**Assigned task**.
Look through the records below for the line holding "Luke Mockridge, Max". Write it out exactly, with each following line through the line holding "7300 Temple Hill".

**Data section**.
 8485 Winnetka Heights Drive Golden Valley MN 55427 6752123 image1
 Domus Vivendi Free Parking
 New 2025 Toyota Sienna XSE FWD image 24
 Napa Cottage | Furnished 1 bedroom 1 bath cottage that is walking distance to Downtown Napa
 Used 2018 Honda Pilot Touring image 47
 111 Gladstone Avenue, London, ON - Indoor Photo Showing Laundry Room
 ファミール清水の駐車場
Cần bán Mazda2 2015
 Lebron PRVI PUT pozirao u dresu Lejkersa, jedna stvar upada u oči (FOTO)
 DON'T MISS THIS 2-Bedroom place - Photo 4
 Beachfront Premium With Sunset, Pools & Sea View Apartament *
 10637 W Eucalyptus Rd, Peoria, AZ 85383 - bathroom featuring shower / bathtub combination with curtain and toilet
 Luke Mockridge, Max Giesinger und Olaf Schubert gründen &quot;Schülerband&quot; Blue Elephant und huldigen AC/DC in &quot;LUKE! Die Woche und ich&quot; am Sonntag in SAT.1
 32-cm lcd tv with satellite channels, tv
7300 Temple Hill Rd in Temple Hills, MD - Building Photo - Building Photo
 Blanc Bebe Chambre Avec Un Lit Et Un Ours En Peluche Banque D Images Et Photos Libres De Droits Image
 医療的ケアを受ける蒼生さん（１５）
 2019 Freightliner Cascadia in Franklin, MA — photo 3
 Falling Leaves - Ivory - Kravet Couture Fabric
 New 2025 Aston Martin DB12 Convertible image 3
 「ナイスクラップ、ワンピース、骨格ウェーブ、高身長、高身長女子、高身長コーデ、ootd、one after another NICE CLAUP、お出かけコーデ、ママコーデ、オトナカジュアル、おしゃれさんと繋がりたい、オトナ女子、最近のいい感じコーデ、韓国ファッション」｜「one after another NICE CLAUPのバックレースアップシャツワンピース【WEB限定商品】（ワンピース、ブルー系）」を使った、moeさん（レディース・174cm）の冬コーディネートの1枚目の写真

**Result of the task**.
 Luke Mockridge, Max Giesinger und Olaf Schubert gründen &quot;Schülerband&quot; Blue Elephant und huldigen AC/DC in &quot;LUKE! Die Woche und ich&quot; am Sonntag in SAT.1
 32-cm lcd tv with satellite channels, tv
7300 Temple Hill Rd in Temple Hills, MD - Building Photo - Building Photo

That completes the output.